I called it a no-trade day just before the one-hour mark.
Why Below-Average Volume Changes Everything
Someone in chat asked whether they should consider a short at the volume point of control on the fifteen-minute chart. It's a fair question and the answer I gave matters for how you think about discretionary setups.
A reference point is a reference point. The POC matters. But whether you trade off it depends entirely on what else is confirming the setup: context, structure, and above all else, volume. Without volume, you're guessing. You're putting risk against a level that the market hasn't chosen to respect or reject with any conviction.
This is something I talk about constantly in our Trader’s Thinktank community
The volume indicator I was referencing creates a real-time average of the same time window across the prior five sessions. So when I say "below average volume," I mean: fewer contracts are trading right now than at this exact time on any of the past five days. That's a meaningful signal. It means institutional participation is thin. And thin participation means the moves you see are more likely to reverse than follow through.
I ended up calling today a byproduct of trading at all-time highs. When price is at all-time highs, there's no higher-timeframe structural overhead to create confluence. No prior resistance turned support, no untapped liquidity from a previous range. You're in price discovery territory, and in price discovery with light volume, you're just guessing at direction.
Knowing When to Do Nothing Is the Skill
Late in the stream someone mentioned they've been trading for eight months and still aren't sure if they can make it work. My response was direct: eight months is nothing. You're still in the absolute beginner phase.
That's not meant to be discouraging. It's meant to reframe the timeline. Most traders I've seen who eventually succeed spend the first two to three years just learning how to lose less, not how to win more. The wins come later, after the behavior is built.
The specific behavior I was reinforcing this morning: knowing when not to trade.
"When it's slow, I do nothing. I do absolutely nothing. That's the real test right there, knowing when not to trade."

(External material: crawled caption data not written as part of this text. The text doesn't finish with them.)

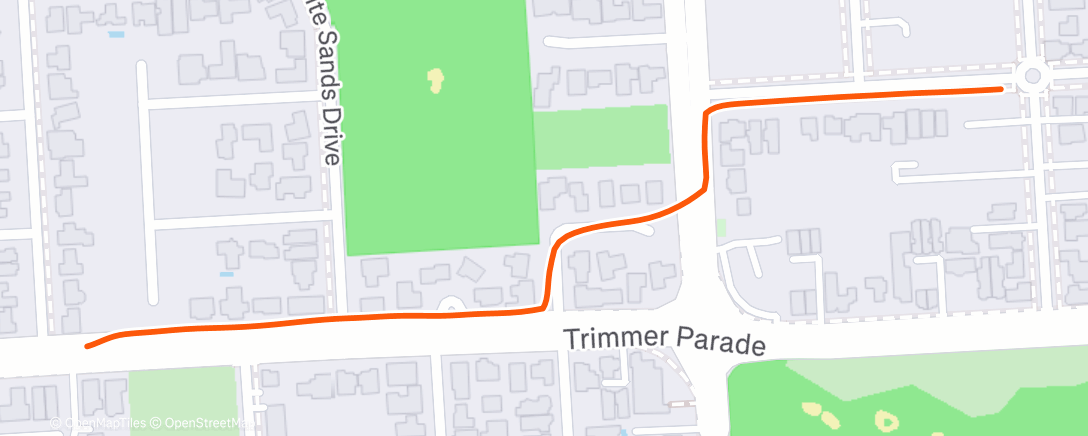 Карта физической активности (Day 957. Cool down.)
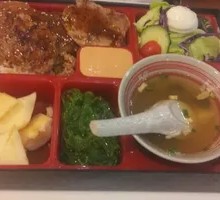 Xijing Grilled Chicken Breast Set Meal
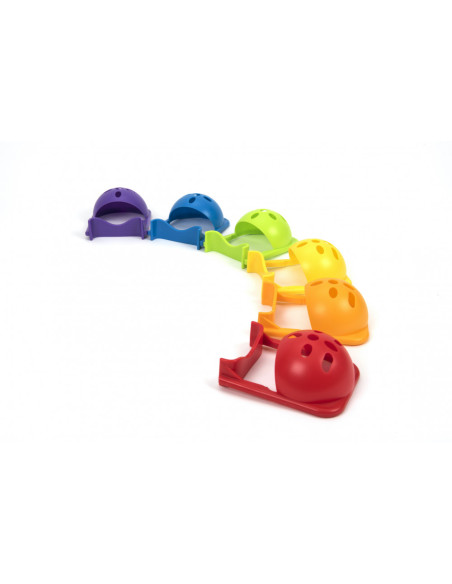 Complemento tts robot bee - bot empujador pack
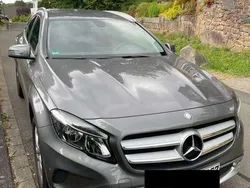 Grau Gebraucht 2014 Mercedes GLA250 SUV | 19.800 € (Fairer Preis)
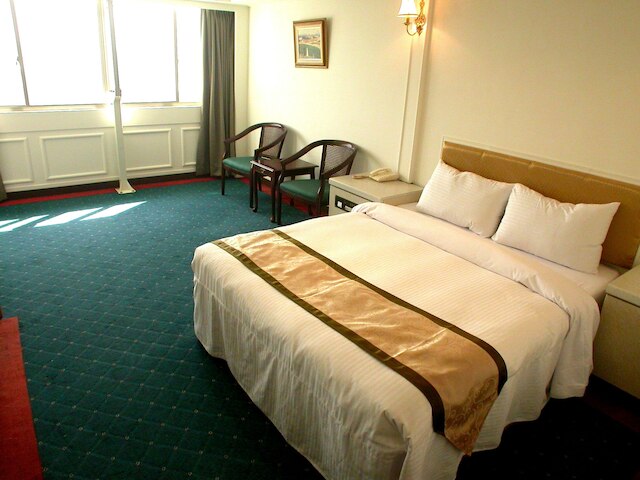 台東 バリ スイーツ ホテル (台東峇里商旅酒店)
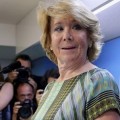 Aguirre califica de "soviets en los distritos" una idea de Ahora Madrid similar a la que ella defendió en campaña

I said that around the thirty-minute mark when the pre-10 a.m. action was just dead weight on the chart. And I meant it. The ability to sit with a slow, boring session and not manufacture a trade out of boredom or obligation is genuinely one of the harder skills to develop. It doesn't feel like skill when you're doing it. It feels like failure. You're watching price move around, you're looking at levels, you're building narratives in your head about where it might go, and you have to just... not act on any of it.
Chat was talking about a checklist to help with entry decisions, and I think that's exactly the right instinct. A checklist works because it removes real-time judgment from the equation. If the criteria are met, you take the trade. If they aren't, you don't. There's no deliberating, no convincing yourself the setup is close enough. Either the boxes are checked or they aren't.

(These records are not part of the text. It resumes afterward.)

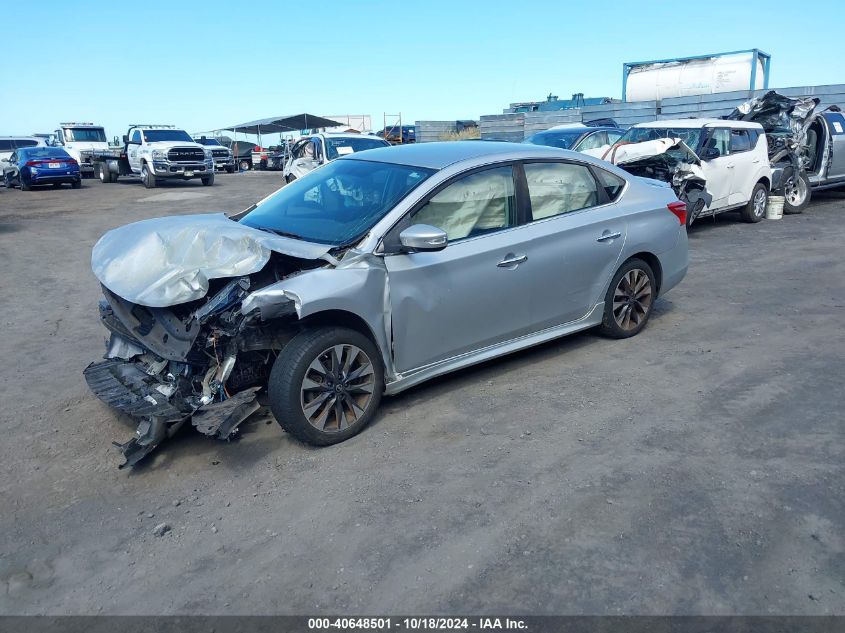 VIN 3N1AB7AP8GY272639 2016 NISSAN SENTRA no.2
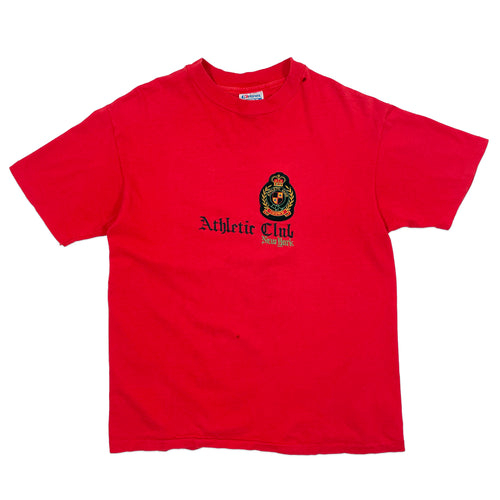 Vintage 90’s New York Athletic Club Tee (L)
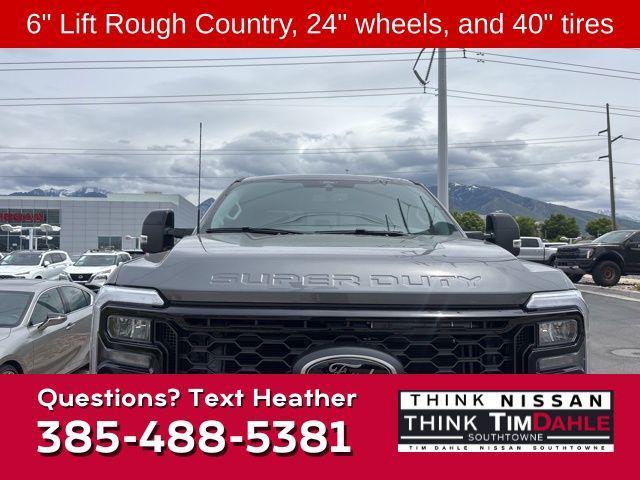 used 2025 Ford F-350 car, priced at $98,998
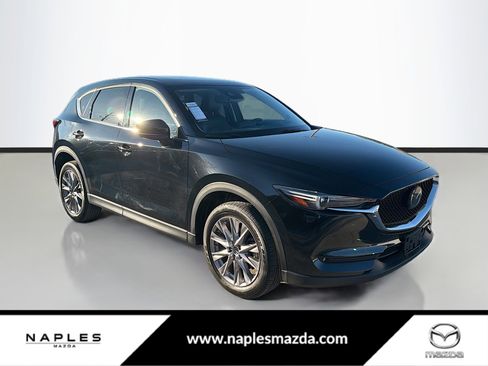 Used 2019 MAZDA CX-5 Grand Touring Reserve image 1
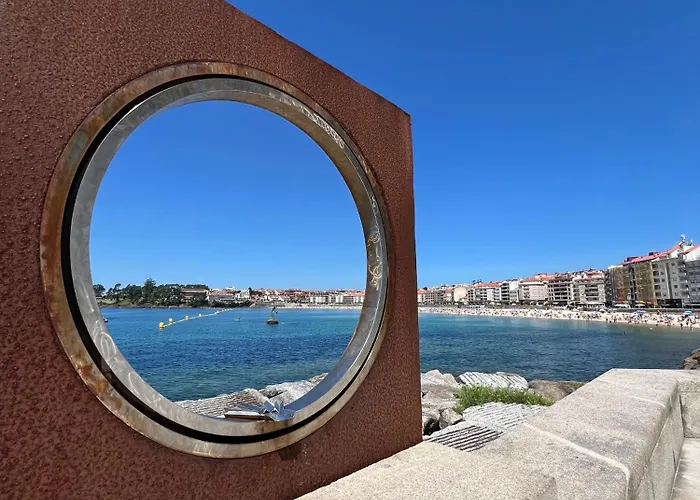 Apartament Piso Oleaxe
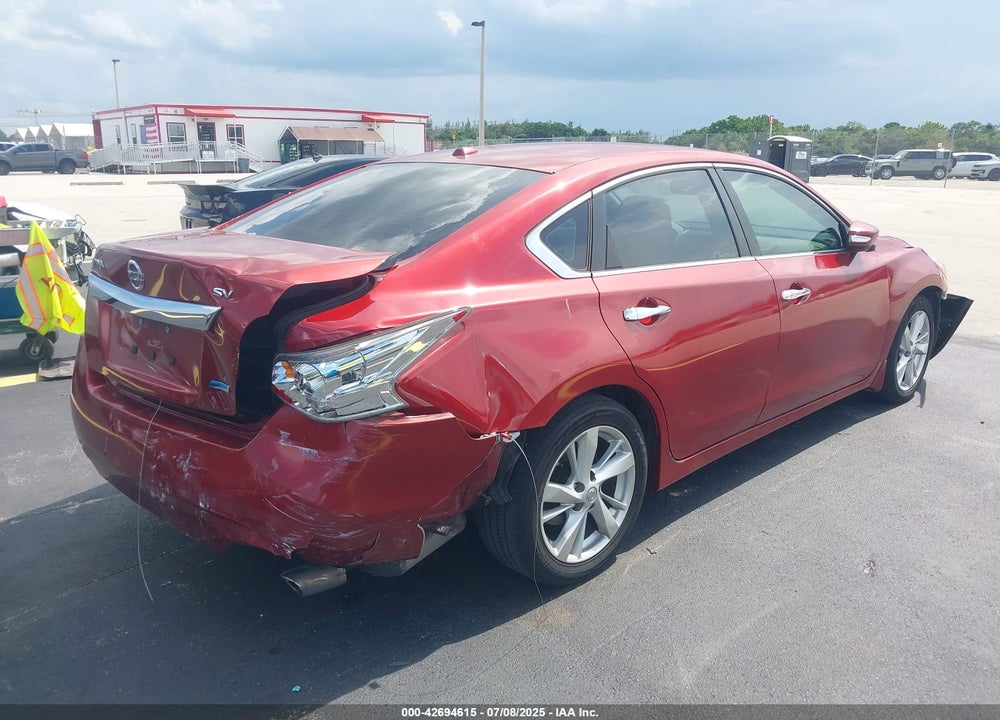 2013 NISSAN ALTIMA VIN: 1N4AL3AP1DC219102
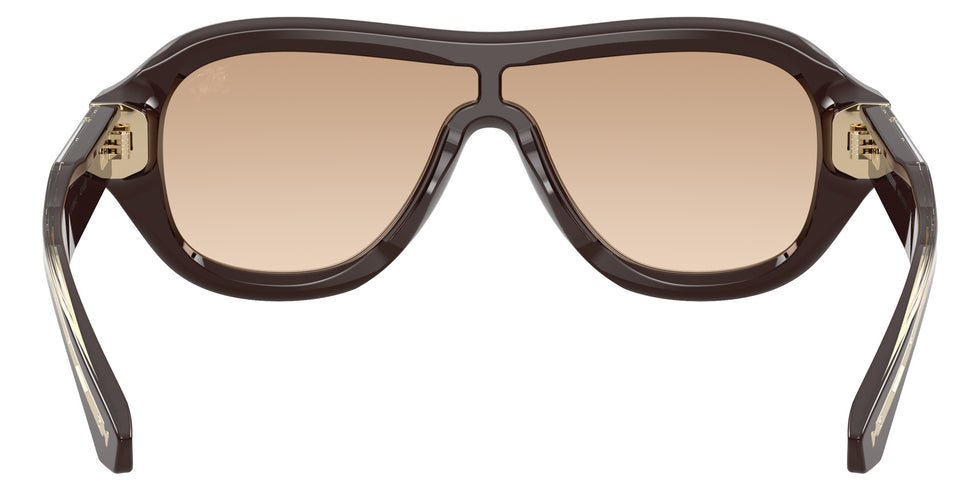 BURBERRY BE4509U 42748D 129 - Brown / Brown Gradient #id:be4509u42748d_s:104115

The other piece that came up: not trading while sick, or when your mental state is off for any reason. Family stress, relationship friction, things at work. That stuff bleeds into your trading whether you want it to or not.

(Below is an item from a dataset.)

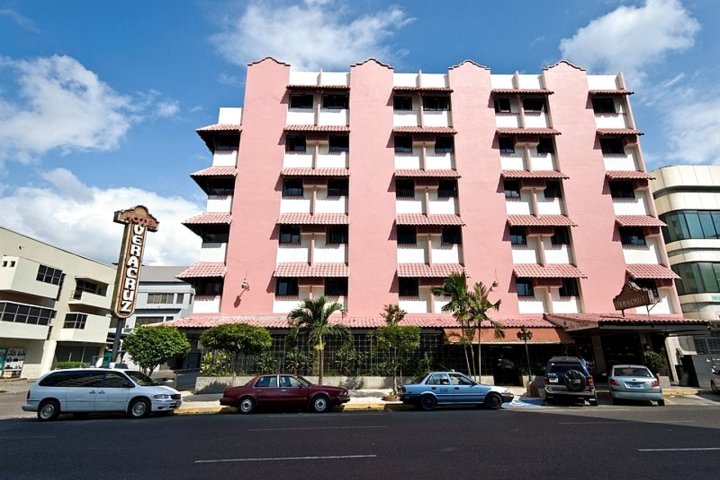 宫殿住宅酒店(Residencial & Hotel Palazzo)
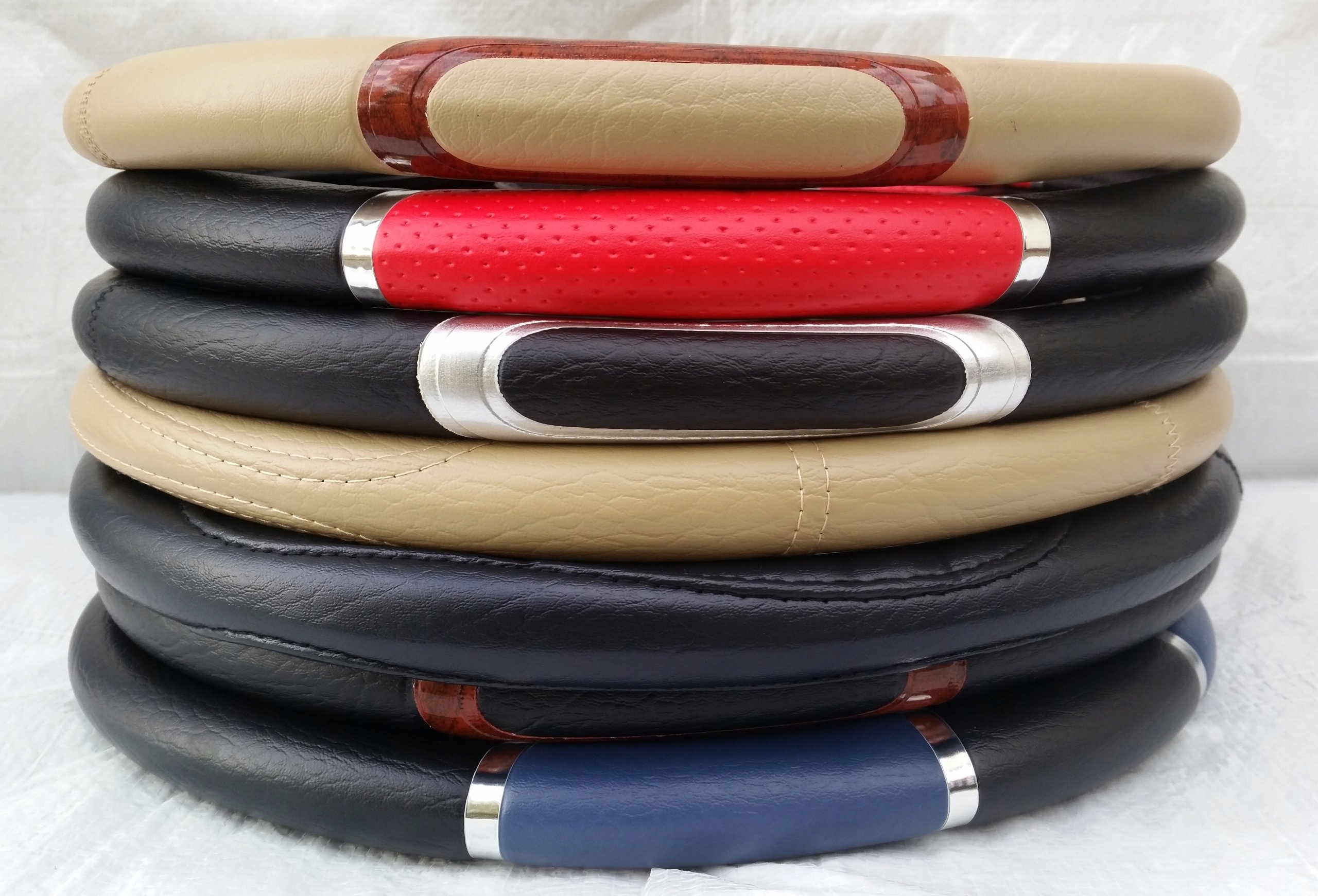 VW GOLF 2 3 4 5 6 pokrowiec na kierownice nakładka Producent inny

"A lot of the times, making more money in the market comes down to not even doing anything differently with your trading. It's just avoiding what I would consider as stupidity."
That's blunt, but it's accurate. I've been at the desk when I had no business being there, forcing trades while dealing with things that had nothing to do with the market. It cost me. Eventually you learn to recognize the days when you're not in the right frame of mind and you treat the no-trade decision as a professional one, not a personal failure.